Estuvo en la Universidad
de Verano de El Escorial uno de los últimos años de su vida. Se trata de un
hombre de una densa experiencia de vida y una extensísima cultura y al que estos
días vuelvo a leer, acaso teniendo en mente una especie de especial deferencia
avalada por la edad.
Me sucedía algo parecido con Zygmunt Bauman al que yo era capaz de mirar con
parecida afición con la que miro a las mujeres bonitas. Murió el pasado años a
los noventa y dos. Su pelambrera de nieve, sus abultadas cejas a punto de
ocultarle los ojos, siempre con la pipa en los labios, su tranquila voz
explicando los equivocados caminos que sigue nuestro mundo actual ofrecían un
retrato de respeto y casi veneración.
Hacía
frío esta mañana. Me costó un montón salir del saco, creo que lo que me decidió
a hacerlo era el strudel de manzana que me esperaba de desayuno. Los strudels
son mi desayuno preferido cuando camino por los Alpes. El de hoy me lo habían
preparado cuidadosamente en el restaurante de Linderhof el día anterior. Estaba
envuelto en una exquisita crema.
Hoy,
de hacer caso a la guía propuesta en la web, habría terminado mi jornada a las
diez y media de la mañana en Kenzenhütte, una cabecera de valle con una bonita
cascada; sólo paré a comprar un par de sándwichs. Por delante tenía una dura
ascensión por terreno kárstico que subí con bastante soltura. El terreno me
sugería los alrededores de Belagua y los senderos que llevan desde el refugio a La Mesa de los
Tres Reyes, o los alrededores del Pic d’Anie; esos parajes en donde para andar
de un lado a otro tienes que dar más vueltas que en La Mer de Glace. Sortear grietas
o las peculiaridades del terreno kárstico, tan accidentado, es un trabajo
laborioso. Paré a comer algo junto un curioso pedrusco que parecía acatarrado,
a juzgar por el color de su nariz.
Son
tantas y tan distintas las montañas que atravieso un día tras otro que soy
incapaz de recordar las que acabo de dejar atrás por la mañana.

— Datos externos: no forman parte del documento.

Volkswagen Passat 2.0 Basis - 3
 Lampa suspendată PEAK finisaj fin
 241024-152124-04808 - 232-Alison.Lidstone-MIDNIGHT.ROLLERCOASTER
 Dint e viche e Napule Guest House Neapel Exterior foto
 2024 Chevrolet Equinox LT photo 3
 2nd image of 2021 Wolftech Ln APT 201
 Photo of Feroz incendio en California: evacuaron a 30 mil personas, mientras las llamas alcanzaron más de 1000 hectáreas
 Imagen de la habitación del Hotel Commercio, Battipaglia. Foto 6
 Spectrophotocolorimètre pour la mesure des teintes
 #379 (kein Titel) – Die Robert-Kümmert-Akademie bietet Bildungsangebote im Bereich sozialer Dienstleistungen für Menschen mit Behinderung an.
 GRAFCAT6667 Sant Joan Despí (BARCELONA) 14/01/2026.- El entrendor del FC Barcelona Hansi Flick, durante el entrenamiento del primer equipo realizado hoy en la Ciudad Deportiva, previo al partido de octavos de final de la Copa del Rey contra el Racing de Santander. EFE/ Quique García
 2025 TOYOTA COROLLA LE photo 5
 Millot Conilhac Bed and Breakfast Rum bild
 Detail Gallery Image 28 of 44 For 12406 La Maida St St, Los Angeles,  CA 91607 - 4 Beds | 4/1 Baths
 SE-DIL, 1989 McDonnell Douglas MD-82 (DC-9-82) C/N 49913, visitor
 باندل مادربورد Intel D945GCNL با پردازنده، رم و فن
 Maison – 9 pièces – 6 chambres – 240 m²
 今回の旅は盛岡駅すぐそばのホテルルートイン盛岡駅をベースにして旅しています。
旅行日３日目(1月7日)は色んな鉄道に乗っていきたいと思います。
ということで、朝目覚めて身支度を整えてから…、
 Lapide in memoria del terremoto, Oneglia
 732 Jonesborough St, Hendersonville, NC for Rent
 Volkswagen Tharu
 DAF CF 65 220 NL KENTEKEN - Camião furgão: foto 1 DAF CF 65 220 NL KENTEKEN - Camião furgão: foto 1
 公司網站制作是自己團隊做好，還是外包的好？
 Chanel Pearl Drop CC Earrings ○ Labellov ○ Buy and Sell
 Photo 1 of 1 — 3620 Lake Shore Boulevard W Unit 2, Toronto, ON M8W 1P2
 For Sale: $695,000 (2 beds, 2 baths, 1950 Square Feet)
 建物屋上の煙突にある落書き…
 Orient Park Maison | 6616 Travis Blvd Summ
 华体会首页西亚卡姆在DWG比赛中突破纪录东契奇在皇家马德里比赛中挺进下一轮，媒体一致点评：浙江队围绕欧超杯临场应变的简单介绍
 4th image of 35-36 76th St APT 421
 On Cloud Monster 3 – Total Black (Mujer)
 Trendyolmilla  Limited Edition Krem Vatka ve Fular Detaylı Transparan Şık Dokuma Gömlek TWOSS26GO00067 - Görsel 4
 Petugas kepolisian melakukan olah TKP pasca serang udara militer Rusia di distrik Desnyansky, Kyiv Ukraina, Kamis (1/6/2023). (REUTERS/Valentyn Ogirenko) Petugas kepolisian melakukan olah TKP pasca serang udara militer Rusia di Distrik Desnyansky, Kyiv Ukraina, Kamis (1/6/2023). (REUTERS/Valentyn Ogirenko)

Las cumbres y
los valles se suceden dejando en mi retina unas bellas formas que desaparecen
momentos después cuando me asomo al siguiente collado. Aquí, hacer montaña es
una forma de vida, un modo de transitar por el tiempo. Quizás lo que queda
en la memoria, más que las formas de las montañas, sea el aspecto provocador
del camino, el esfuerzo que requiere, la paz que se respira en el bosque, el
sedimento que el transitar por ellas va dejando en el alma del caminante.